A randomized controlled trial (n = 66) demonstrated that compared to levocarnitine, 12-week treatment with Qixiong Zhongzi Decoction (QZD; 150 mL bid) significantly improved sperm progressive motility (22.7% ± 9.0% vs. 14.1% ± 8.8%) and non-progressive motility (38.7% ± 14.1% vs. 26.2% ± 15.4%) in patients with idiopathic asthenozoospermia (all P < 0.05), while no intergroup differences were observed in semen volume, density, or pregnancy rates. During treatment, two mild adverse events occurred in the QZD group (1 case of cold and 1 case of nausea), and 1 case of headache was reported in the control group, all of which resolved spontaneously without intervention (Wang et al., 2020). A multicenter randomized open-label trial (n = 190 completers) demonstrated that 12-week treatment with Huanshao Capsules (HSC; 3 capsules tid) significantly improved semen parameters in oligoasthenospermia patients with spleen-kidney asthenia compared to Wuzi Yanzong Pills (6 g bid), with time-dependent increases in sperm concentration (baseline 14.78 to 28.78 × 10⁶/mL), progressive motility [grade a: 12.17%–26.97%; Progressively Motile Sperm (PMS): 24.78%–47.67%], and viability (38.64%–60.45%). HSC also achieved higher pregnancy rates (29.17% vs. 18.09%, P < 0.05). Safety monitoring revealed 3 cases of mild and transient dry mouth/throat in the HSC group, which resolved with increased water intake, while the control group reported 4 cases of gastrointestinal discomfort (nausea with/without vomiting) that improved after adjusting medication timing to 30 min post-meal (Yang et al., 2018a).
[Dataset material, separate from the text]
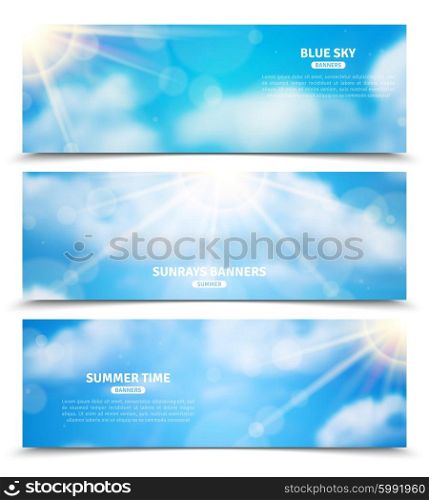 Sun through clouds sky banners set. Blue sky with sun rays trough clouds three horizontal summer time banners set abstract isolated vector illustration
Overall, although clinical trials exclusively evaluating Lycii Fructus are scarce, current evidence from compound formulas containing Lycii Fructus suggests consistent improvements in semen quality and pregnancy outcomes, with a favorable safety profile. Further rigorously designed trials focusing on Lycii Fructus as a standalone intervention are needed to clarify its specific clinical efficacy.